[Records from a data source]
######

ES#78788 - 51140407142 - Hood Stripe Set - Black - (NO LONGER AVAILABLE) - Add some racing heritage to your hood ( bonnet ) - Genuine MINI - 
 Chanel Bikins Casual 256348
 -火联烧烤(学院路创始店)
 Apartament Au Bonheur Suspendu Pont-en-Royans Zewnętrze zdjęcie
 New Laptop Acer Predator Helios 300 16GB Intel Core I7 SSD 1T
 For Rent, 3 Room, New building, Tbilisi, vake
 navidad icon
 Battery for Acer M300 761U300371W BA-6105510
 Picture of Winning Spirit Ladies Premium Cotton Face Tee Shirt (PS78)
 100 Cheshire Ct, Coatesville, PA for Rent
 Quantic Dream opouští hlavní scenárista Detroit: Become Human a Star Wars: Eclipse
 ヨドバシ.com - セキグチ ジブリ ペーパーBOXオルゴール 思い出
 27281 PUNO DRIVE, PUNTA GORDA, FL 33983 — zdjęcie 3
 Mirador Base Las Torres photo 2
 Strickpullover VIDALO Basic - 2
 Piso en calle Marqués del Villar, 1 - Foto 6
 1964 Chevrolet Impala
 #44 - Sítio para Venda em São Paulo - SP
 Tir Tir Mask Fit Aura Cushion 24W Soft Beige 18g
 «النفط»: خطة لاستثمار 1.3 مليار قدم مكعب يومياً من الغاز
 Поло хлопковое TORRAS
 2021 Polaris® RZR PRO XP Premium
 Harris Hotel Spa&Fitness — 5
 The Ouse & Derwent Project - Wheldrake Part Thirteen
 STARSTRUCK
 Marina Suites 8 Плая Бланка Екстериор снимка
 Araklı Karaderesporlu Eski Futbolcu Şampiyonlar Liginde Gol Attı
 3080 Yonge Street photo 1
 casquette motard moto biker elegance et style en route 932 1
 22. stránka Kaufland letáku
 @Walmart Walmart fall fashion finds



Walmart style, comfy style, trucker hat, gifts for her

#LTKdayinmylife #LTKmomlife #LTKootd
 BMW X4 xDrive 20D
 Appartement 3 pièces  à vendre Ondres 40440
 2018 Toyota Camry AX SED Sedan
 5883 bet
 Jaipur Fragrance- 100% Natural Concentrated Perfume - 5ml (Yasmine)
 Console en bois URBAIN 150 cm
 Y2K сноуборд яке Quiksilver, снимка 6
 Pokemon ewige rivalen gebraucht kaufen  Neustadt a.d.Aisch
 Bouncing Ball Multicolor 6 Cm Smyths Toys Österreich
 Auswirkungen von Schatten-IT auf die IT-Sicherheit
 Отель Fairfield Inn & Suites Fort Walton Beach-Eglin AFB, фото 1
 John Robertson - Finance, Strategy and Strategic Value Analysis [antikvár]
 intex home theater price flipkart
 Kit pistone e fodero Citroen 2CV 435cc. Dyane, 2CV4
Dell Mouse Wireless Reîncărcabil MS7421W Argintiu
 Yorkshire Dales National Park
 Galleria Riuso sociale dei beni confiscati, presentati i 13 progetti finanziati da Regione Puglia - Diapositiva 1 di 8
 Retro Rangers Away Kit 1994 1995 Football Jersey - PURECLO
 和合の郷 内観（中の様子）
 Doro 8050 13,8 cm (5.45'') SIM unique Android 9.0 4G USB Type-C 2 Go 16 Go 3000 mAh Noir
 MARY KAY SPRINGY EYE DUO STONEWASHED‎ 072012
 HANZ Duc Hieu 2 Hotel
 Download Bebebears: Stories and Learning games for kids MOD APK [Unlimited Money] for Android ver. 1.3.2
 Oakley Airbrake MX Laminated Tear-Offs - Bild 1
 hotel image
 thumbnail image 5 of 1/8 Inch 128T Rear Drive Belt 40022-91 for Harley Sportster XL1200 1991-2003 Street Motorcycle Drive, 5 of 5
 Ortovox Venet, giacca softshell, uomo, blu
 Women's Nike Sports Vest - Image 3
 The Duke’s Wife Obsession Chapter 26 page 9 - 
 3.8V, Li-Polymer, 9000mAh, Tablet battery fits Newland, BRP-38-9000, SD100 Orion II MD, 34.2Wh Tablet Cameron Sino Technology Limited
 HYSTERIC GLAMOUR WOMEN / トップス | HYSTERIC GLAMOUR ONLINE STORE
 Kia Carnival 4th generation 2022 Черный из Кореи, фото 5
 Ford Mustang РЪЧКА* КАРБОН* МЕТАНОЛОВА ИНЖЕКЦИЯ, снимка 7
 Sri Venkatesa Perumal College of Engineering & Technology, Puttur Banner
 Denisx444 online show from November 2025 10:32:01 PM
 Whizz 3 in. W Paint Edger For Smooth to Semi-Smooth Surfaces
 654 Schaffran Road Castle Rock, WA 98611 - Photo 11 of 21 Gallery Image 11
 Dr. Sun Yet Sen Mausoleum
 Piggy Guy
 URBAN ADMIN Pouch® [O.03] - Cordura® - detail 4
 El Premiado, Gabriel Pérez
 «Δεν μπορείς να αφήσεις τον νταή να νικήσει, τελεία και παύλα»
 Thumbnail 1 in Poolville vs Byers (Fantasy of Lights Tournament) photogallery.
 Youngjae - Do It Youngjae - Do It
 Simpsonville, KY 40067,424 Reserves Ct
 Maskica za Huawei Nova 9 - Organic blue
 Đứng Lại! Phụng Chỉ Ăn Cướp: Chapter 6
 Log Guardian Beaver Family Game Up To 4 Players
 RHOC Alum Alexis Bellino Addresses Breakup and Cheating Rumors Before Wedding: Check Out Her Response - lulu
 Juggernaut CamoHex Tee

######

* [ASSIGNMENT] Word for word, please print every line from the beginning of the records to the line bearing "Quantic Dream opouští", counting both ends and stopping there.

* [EXPECTED ANSWER]
ES#78788 - 51140407142 - Hood Stripe Set - Black - (NO LONGER AVAILABLE) - Add some racing heritage to your hood ( bonnet ) - Genuine MINI - 
 Chanel Bikins Casual 256348
 -火联烧烤(学院路创始店)
 Apartament Au Bonheur Suspendu Pont-en-Royans Zewnętrze zdjęcie
 New Laptop Acer Predator Helios 300 16GB Intel Core I7 SSD 1T
 For Rent, 3 Room, New building, Tbilisi, vake
 navidad icon
 Battery for Acer M300 761U300371W BA-6105510
 Picture of Winning Spirit Ladies Premium Cotton Face Tee Shirt (PS78)
 100 Cheshire Ct, Coatesville, PA for Rent
 Quantic Dream opouští hlavní scenárista Detroit: Become Human a Star Wars: Eclipse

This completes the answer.